**Problem statement**
Find the line containing "Last but not" in the listing below; reproduce it and every line after, exactly. Skip pictures.

**Material provided**
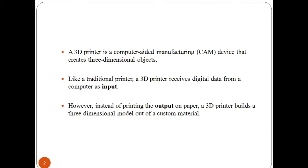Like a traditional printer, a 3D printer receives digital data from a computer as input. However, instead of printing the output on paper, a 3D printer builds a three-dimensional model out of a custom material.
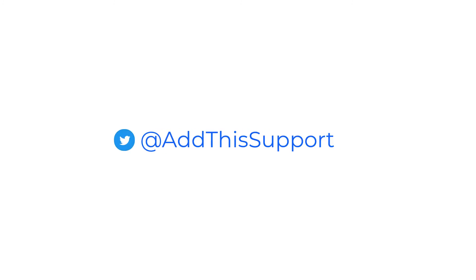Last but not least, if you run into any issues, please feel free to email help@addthis.com or send us a tweet at addthissupport and our fabulous support team will be there to assist you. Thanks!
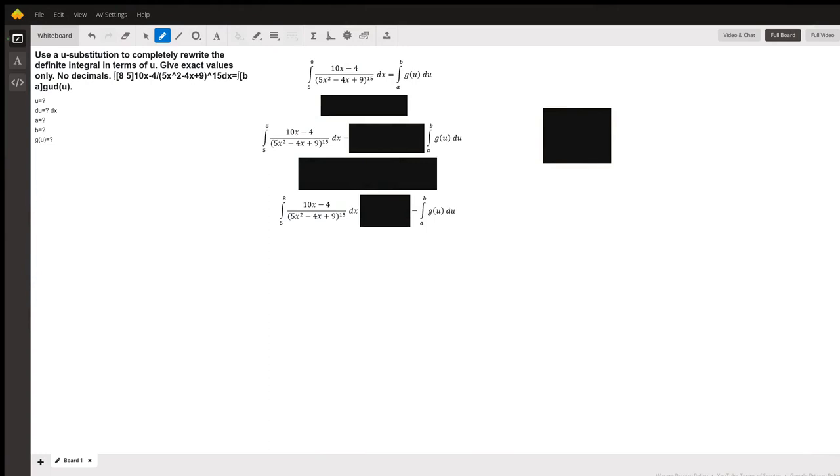Hello, so this question is covering concepts of u-substitution and being able to rewrite a definite integral as presented by u.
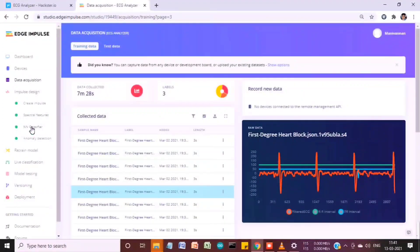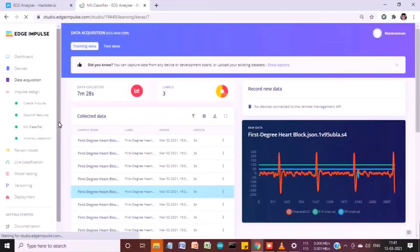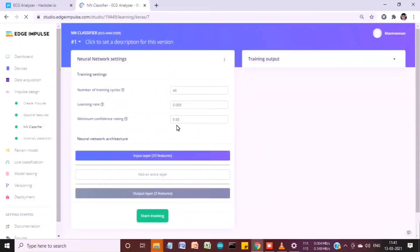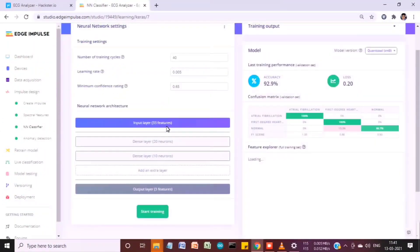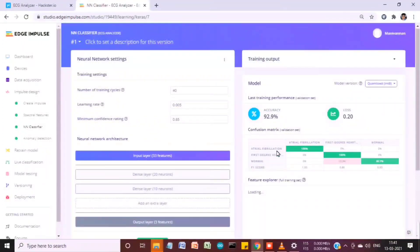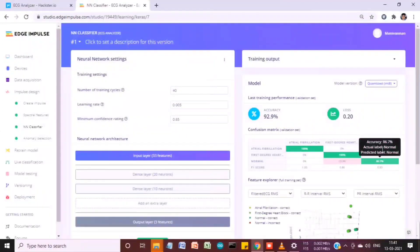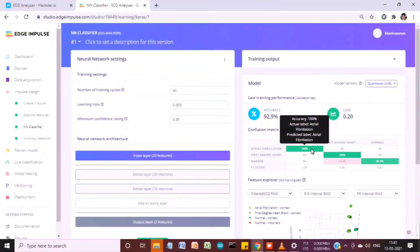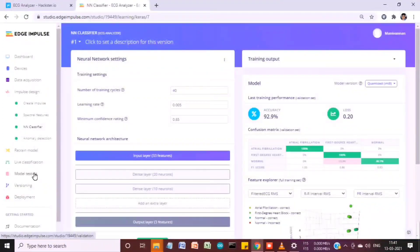I trained this model in Edge Impulse and achieved more than 90% accuracy. You can look at the accuracy level and see there's a slight deviation between first-degree heart block and normal, while atrial fibrillation was 100%.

**Finished task**
Last but not least, if you run into any issues, please feel free to email help@addthis.com or send us a tweet at addthissupport and our fabulous support team will be there to assist you. Thanks!
Hello, so this question is covering concepts of u-substitution and being able to rewrite a definite integral as presented by u.
I trained this model in Edge Impulse and achieved more than 90% accuracy. You can look at the accuracy level and see there's a slight deviation between first-degree heart block and normal, while atrial fibrillation was 100%.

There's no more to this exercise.